Spatial Product Versioning & Lifecycle Enforcement
Spatial Product Lifecycle Management dictates that assets transition through staging → validation → production states. Promotion to production requires:
- Successful
pystacitem validation against the STAC specification and any declared extensions - SHA-256 checksum match between source tile and staged COG
- Explicit domain owner sign-off via governance webhook
Semantic versioning (MAJOR.MINOR.PATCH) governs deterministic consumer upgrades. Major increments require schema-breaking changes (e.g., CRS migration). Minor increments denote additive metadata or processing improvements. Patch increments cover reprocessing of corrupted tiles without altering the spatial contract.
The STAC specification mandates strict adherence to extension schemas. Consult the official SpatioTemporal Asset Catalog Specification for required fields and extension compliance matrices.
Cross-Team Governance & Escalation Paths
Automated routing of validation failures to the appropriate ownership tier ensures consistent incident response:
| Severity | Trigger Pattern | Automated Action | Escalation Path |
|---|---|---|---|
| P3 | STACValidationError: Missing optional field |
Log warning, proceed | Domain Data Steward (Slack #geo-catalog) |
| P2 | Null CRS or mismatched projection | Halt pipeline, quarantine tile in s3://geo-mesh-quarantine/ |
Platform Engineer + GIS Steward (Jira GEO-INGEST) |
| P1 | boundary_wkt intersection failure or checksum mismatch |
Rollback staging, invalidate cache, trigger re-clipping | Architecture Review Board + Incident Commander |
Idempotent rollback removes the failed version from the catalog index and restores the previous manifest:
import pystac
# Load the catalog and remove the failed item version
catalog = pystac.Catalog.from_file("s3://geo-mesh-prod/sentinel2/catalog.json")

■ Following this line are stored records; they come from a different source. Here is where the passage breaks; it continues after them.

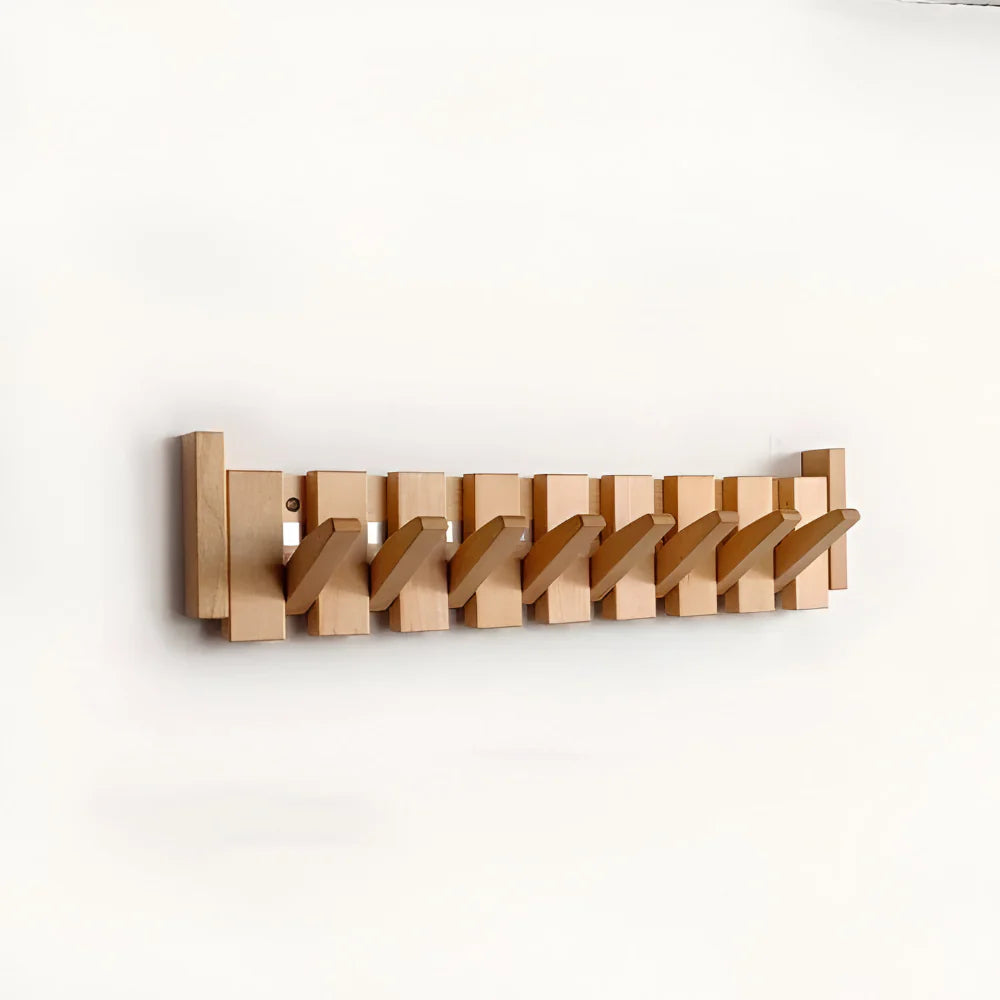 Space Saving Wooden Wall Coat Hook Rack Organizer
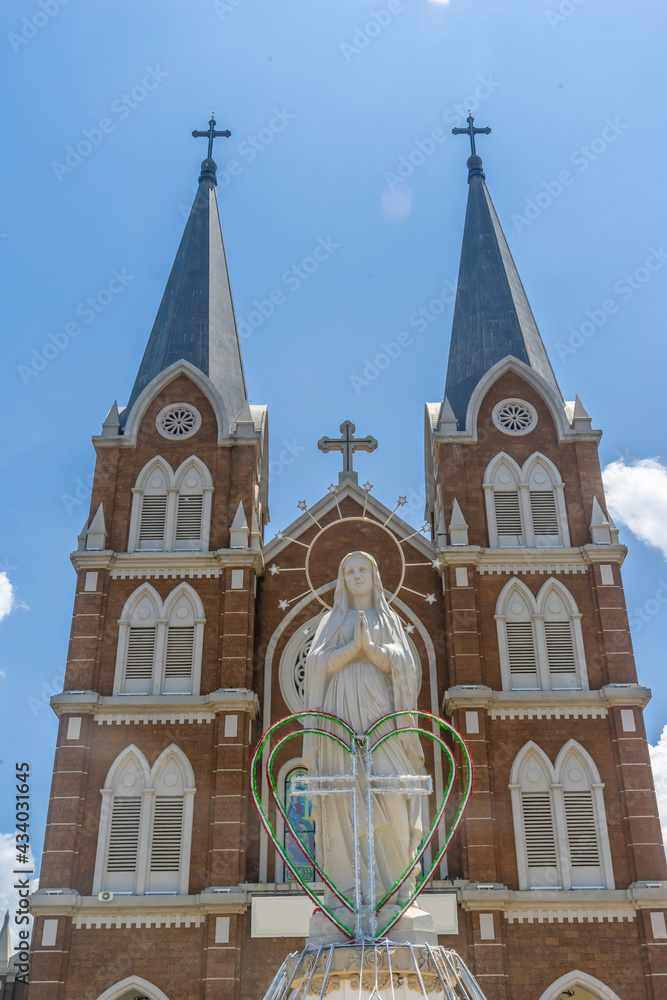 Wall mural Church of the Holy Mother (another name is Thanh Mau church) in Bao Loc Town, Lam Dong, Vietnam.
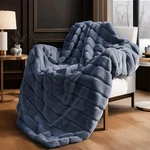 Deluxe Sheared Rabbit Faux Fur Throw Blanket Soft Fuzzy Plush Blue 50X60 Inch. Fixed Price $54.67.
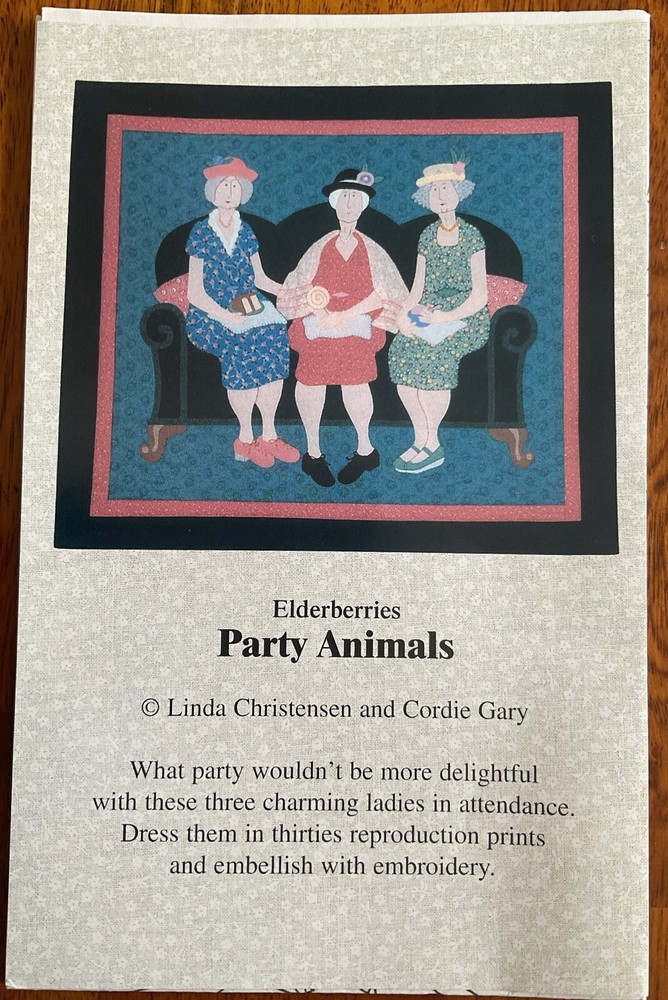 Jukebox Elderberries Wall Hanging Quilt Pattern - Party Animals - Appliqué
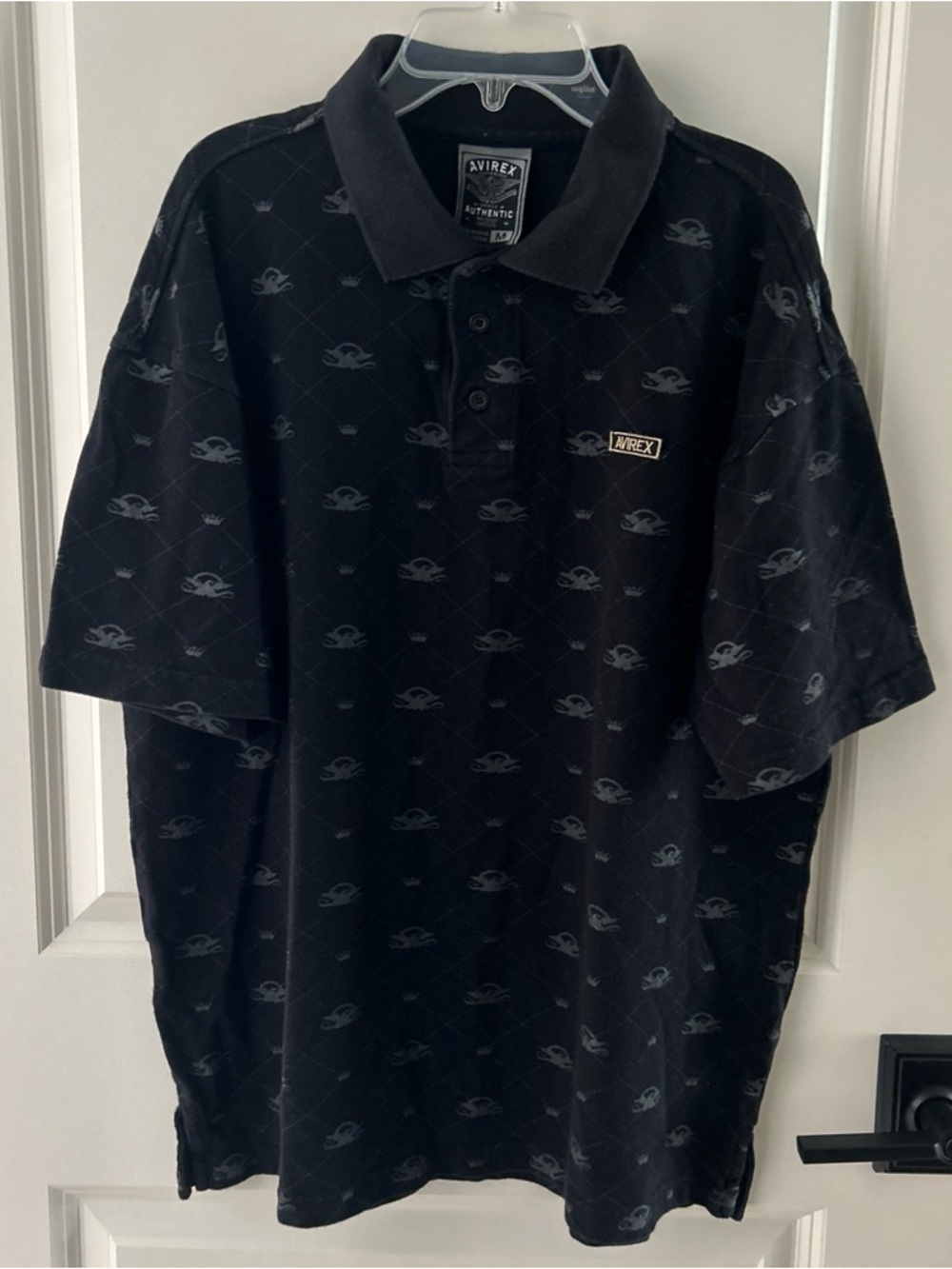 Avirex Authentic Men’s Size M Black Gray S/S Polo Shirt Eagle Urban Y2K Logo USA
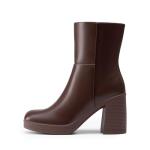 DREAM PAIRS Women's Chunky Square Toe Ankle Boots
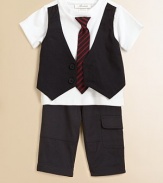 Your little boy will look like a man in this handsome two-piece set that's topped with a layered-look vest and tie. Vest Crewneck with attached tieShort sleevesVest has buttons Pants Elastic waistbandSide flap patch pocketCottonMachine washImported Please note: Number of buttons may vary depending on size ordered. 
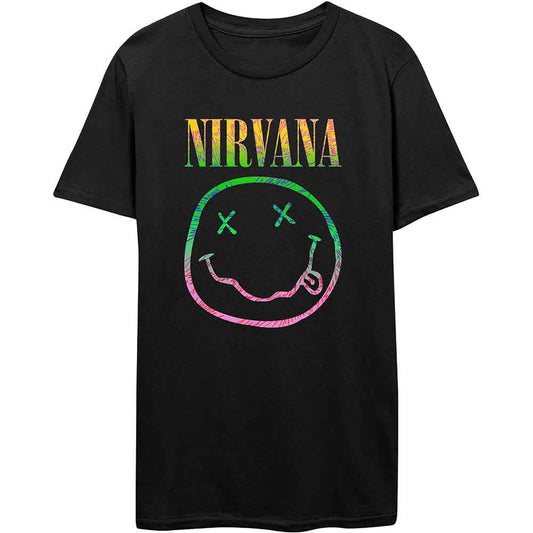 BlackLblack t-shirt with colorful Nirvana text and a rainbow-colored smiley face graphic.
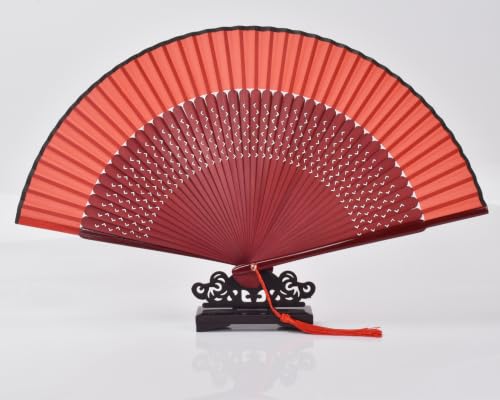 8.27" Top Green Bamboo Silk Folding Fan, Traditional Chinese/Japanese Handheld Fan for Daily Use, Decor & Gift (Rose red Silk Hand Fan+Case 1p) - color: Rose red Silk Hand Fan+Case 1p
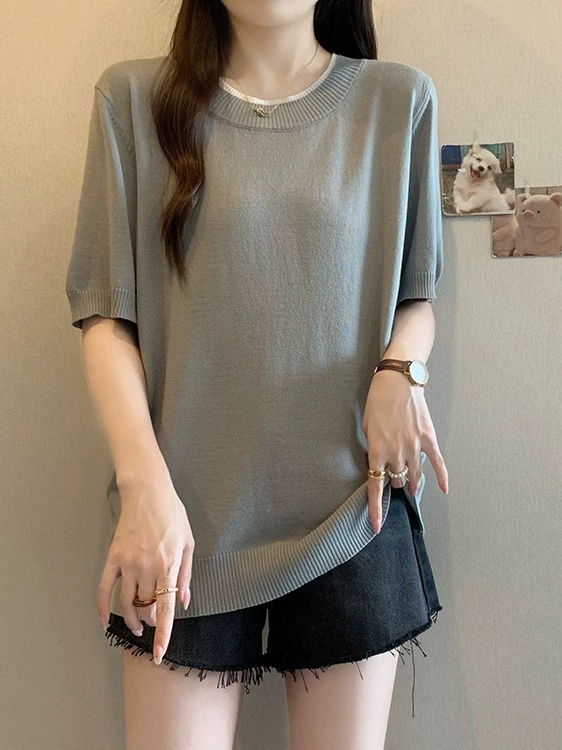 Летняя одежда больших размеров для полных девушек в корейском стиле, повседневный стиль, контрастный искусственный топ из двух частей из ледяного шелка, женская модная универсальная футболка для похудения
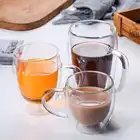 Высококачественная двухслойная Изолированная стеклянная чашка для кофе чая питьевой воды пива креативная прозрачная кружка подарок для использования в офисе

failed_item_id = "sentinel2-msi-l2a-v2.1-abc12345"
item = catalog.get_item(failed_item_id, recursive=True)
if item:
item.get_parent().remove_item(failed_item_id)
catalog.normalize_and_save(
root_href="s3://geo-mesh-prod/sentinel2/",
catalog_type=pystac.CatalogType.SELF_CONTAINED,
)
print(f"PRODUCT_ROLLBACK_COMPLETE: {failed_item_id} removed from catalog")
All pipeline executions must be logged with structured JSON output for audit trails and drift analysis.